EL CAPOTICO DE SAN FERMÍN.
Rubén Mina Pérez
Siete de julio. Ocho en punto. Estallido del cohete que anuncia el comienzo del primer encierro de los Sanfermines. Los mozos, encomendados previamente al Santo, esperan ansiosos a los astados. Se abre la puerta de los corrales. En avanzadilla el séquito de cabestros protegiendo a los morlacos gaditanos de Cebada Gago. La suerte está echada.
Me apresuro, no sin dificultad, a salir lo más rápido que puedo al balcón del piso de mis padres. Vistas privilegiadas de la Calle Mercaderes y la curva de la Estafeta. Este año toca verlo y vivirlo desde otra perspectiva. Estoy postrado y no puedo disfrutarlo desde el asfalto.
Estamos en el balcón como sardinas en lata, gracias a mi aparatoso artilugio de dos ruedas. El bicho, como yo lo llamo, ha decidido dejarme por el momento de esta guisa.
Ya se acercan, los siento y en un abrir y cerrar de ojos pasan. Es curioso pero lo he vivido con la misma adrenalina y pasión de siempre como si estuviese en carrera. Y así es carrera continua contra el cáncer.
Fin del encierro. La emoción me embriaga. Noto las manos de mis padres en mis hombros. Miro al cielo y rezo. “Tocayo, gracias por seguir echándome un capote”.
CICLO EN BLANCO Y ROJO
Amaia Ambustegui Lapuerta
Unos regios gigantes me dieron ufanos la bienvenida con sus proezas giratorias. Pronto mi sonrisa fue llanto: tuve miedo a unas figuras cabezonas que atizaban a los de mi tamaño. Pero sentí la protección de un santo moreno que me sonreía y me calmé al instante.
A lomos de un caballo engalanado noté el calor, el olor animal, la raza. Y toqué al día siguiente otro de cartón, mitad equino, mitad hombre, cuya intención era asustar a niños y mayores. El ferial vespertino me recibía con música estridente y sirenas, luces de neón, remolinos y rifas y olor a comida.
A las diez con los amigos, las primeras veces en las primeras noches sin acompañamiento familiar. Fuegos y bocatas, excesos también. Bailé sin descanso, sin mirar el reloj y sintiendo cientos de miradas de otros tantos países. Algunos de aquellos ojos fueron mis cómplices y caímos sobre la hierba en un beso apasionado. Noches veraniegas, de diversión sin igual, daban la bienvenida al alba, a la carrera mañanera de seis astados y miles de inconscientes, al chocolate con churros y a la siesta diurna.
Volví a perseguir kilikis, con unos dedos diminutos enredados en los míos.

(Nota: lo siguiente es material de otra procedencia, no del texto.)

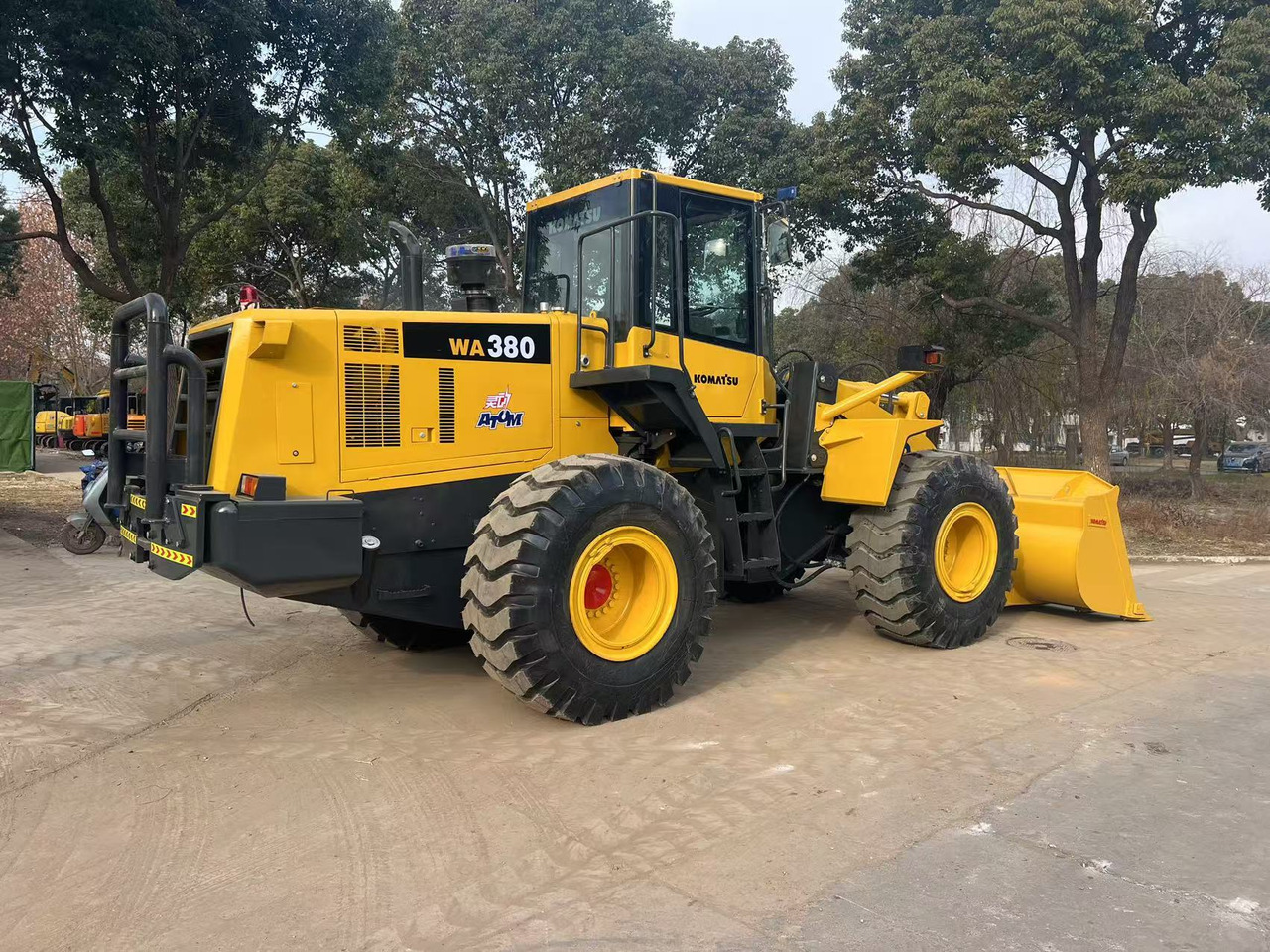 KOMATSU WA380-6 - Kolový nakladač: obrázek 1 KOMATSU WA380-6 - Kolový nakladač: obrázek 1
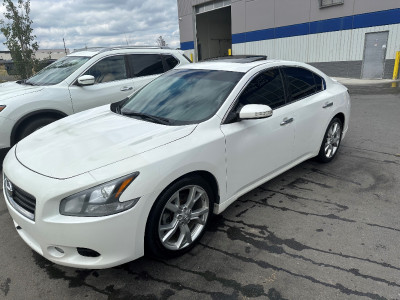 2012 Nissan Maxima Sport Tech- Loaded!!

Deseo que vivas todo lo que yo disfruté.
EL ICONO
Silvia Carpena
Aún quedaba un trecho hasta Pamplona. Yo iba poco a poco avanzando, cuidándome mucho de que no me descubrieran. Era un icono y no podía desaparecer de la noche a la mañana.
Apenas el viento notaba mis delicados meneos y, mientras tanto, la gente que pasaba a mi lado me saludaba, totalmente ajena a mi propósito.
He de decir que las noches me permitían más margen de movimiento. De repente, pasaba de estar en Tudela a mimetizarme con los molinos de viento cercanos a Olite.
Ya quedaba poco.
En apenas un suspiro abandonaría la carretera que me había visto nacer para llegar a la reunión anual más importante para mis parientes.
Tres kilómetros y llegaría.
A lo lejos, un niño en un monovolumen decía algo mientras me señalaba.
-«Mamá, ¿has visto a ese toro que lleva un pañuelo rojo al cuello? Parece que lleva prisa.»
– «Hijo, es un cartel con forma de toro gigante. Aunque pueda parecerte que se desplaza, no se mueve.»